Первым таким духовным светочем был иерей Иларион, в монашестве Иоанн, служивший в селе Троицком Архангельской области. О нем записаны хорошие воспоминания Ксенией Владимировной, и в них подробно рассказано о том влиянии, которое он оказал на меня. Вторым был иеромонах Серафим из Нило-Столобенского монастыря, воспоминания о нем записал Александр Сергеевич. С третьим я внезапно встретился в своем же лагерном бараке – монах Михаил. Каждый из них передал мне, даже не зная этого, глубокую духовную мудрость, обогатившую меня.
Лагерь физически был непосилен и страшен, но многочисленные встречи и исповеди заключенных открывали мне, иерею, неизмеримо высокую духовность людей. Не думайте, что все эти люди были владыки, иереи, монахи, – среди этих подвижников веры находились простые миряне, обретшие такую полноту веры Христовой, что мне, иеромонаху, было далеко до них. Исповеди их были для меня откровением Божиим. Вспоминается простой колхозник Иван Сергеевич. Всегда тихий, спокойный, он исповедовался за три дня до смерти, его в забое завалило породой. Я слушал его исповедь, рассказ о своей жизни, слушал слова: «Батюшка, я через три дня погибну, посылают в лагпункт – в шахту». Он говорил отстраненно, с глубокой верой в Господа, я слушал, и слезы текли по моему лицу.
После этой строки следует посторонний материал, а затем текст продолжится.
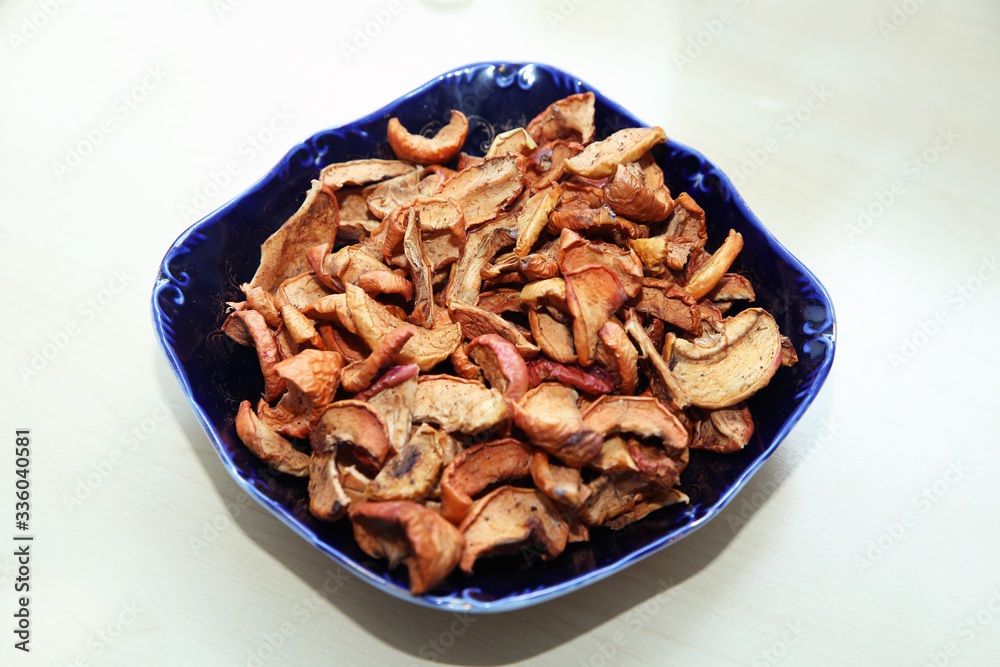 Dehydrated apples chips on plate, top view. Dried Apple chips in a square glass plate . Dried apple slices in woodenl blue plate isolated on white .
Вспоминается пожилой инженер, помню только его имя, Вячеслав, я видел его в бараке каждый день. Однажды вечером он подошел ко мне: «Батюшка, я плохой верующий, но завтра будет «чистка» лагеря, меня расстреляют, исповедуйте и отпустите грехи». Этот «плохой верующий» был настолько духовно высок, что я с трепетом слушал его. На следующий день его расстреляли. И сколько было таких встреч, как много они дали.